After Neoconservatism

Francis Fukuyama's essay consists of a very cogent critique of neoconservatism and, following from that, an advocation of a new kind of American foreign policy, a "realistic Wilsonianism," which is probably not a good name PR-wise, but is not nearly as hopeless as it sounds.

Anyway, I just want to pull a few things out of the essay.

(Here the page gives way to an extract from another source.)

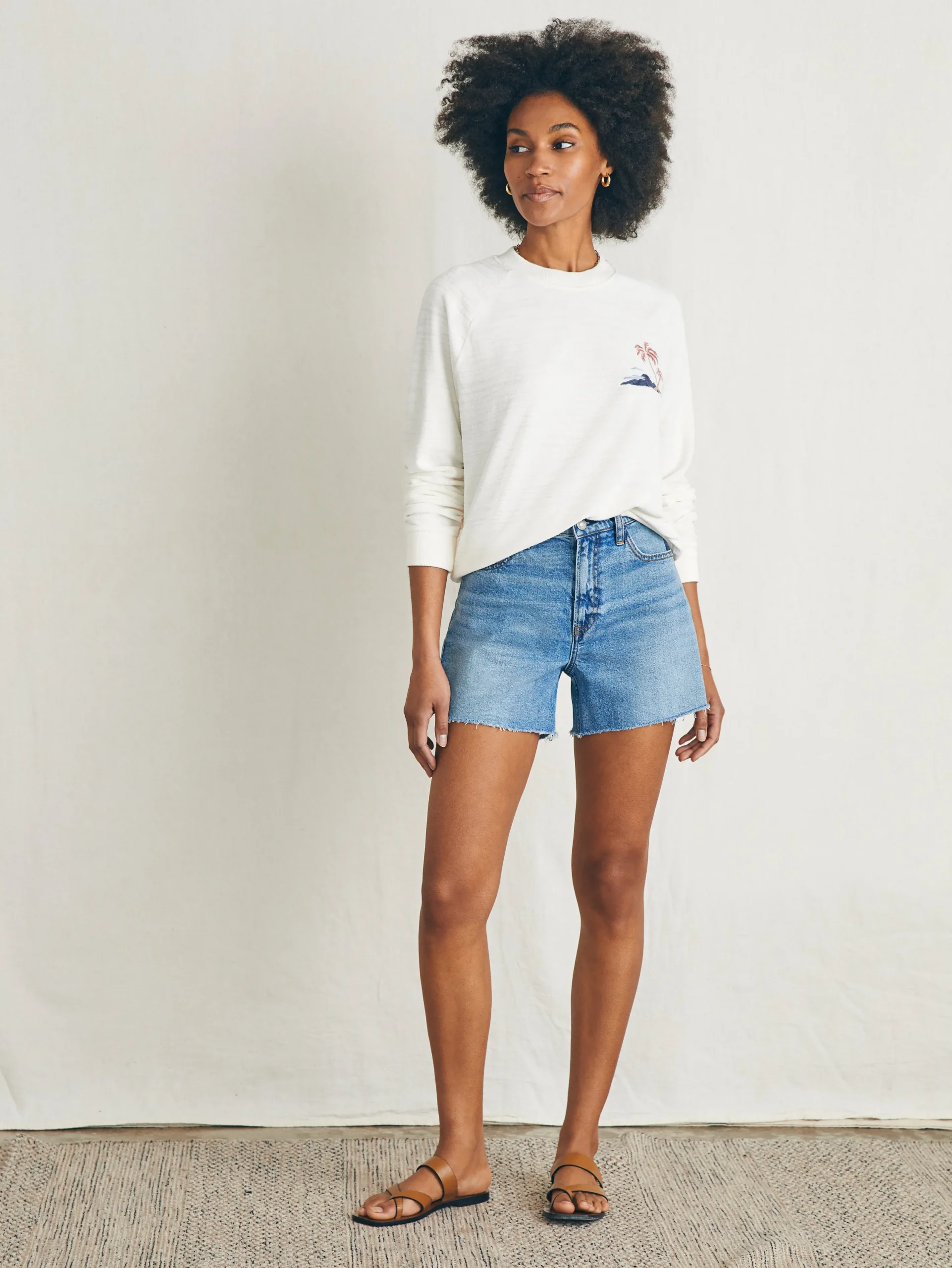 Hoodies & Sweatshirts^Faherty Brand Cabana Towel Terry Crew - Scenic Volcanic Island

The way the cold war ended shaped the thinking of supporters of the Iraq war, including younger neoconservatives like William Kristol and Robert Kagan, in two ways. First, it seems to have created an expectation that all totalitarian regimes were hollow at the core and would crumble with a small push from outside.
Fukuyama is asserting the existence of what Richard Hofstadter called "the illusion of American omnipotence"—that anything seriously bad happening in the world had to be the result of American mismanagement of global affairs. He used the example of the Chinese fall to Communism—many believed that democratic China's collapse was due to insufficient American involvement and support or even "betrayal." However, the illusion of American omnipotence has another side as well—we tend to believe that anything good happening in the world is a fruit of beneficial American policies--the embrace of democracy by many of the former Warsaw Pact countries was "due" to our shining example, for instance. (City on the Hill, etc.) Neocons are simply the most ardent believers in the illusion of American omnipotence.

The [Iraq] war's supporters seemed to think that democracy was a kind of default condition to which societies reverted once the heavy lifting of coercive regime change occurred, rather than a long-term process of institution-building and reform.
In other words, we've all clearly been taking things like Locke's "state of nature" and Rawls's "original position" a little too literally. Democracy is not, in fact, at the heart of humanity.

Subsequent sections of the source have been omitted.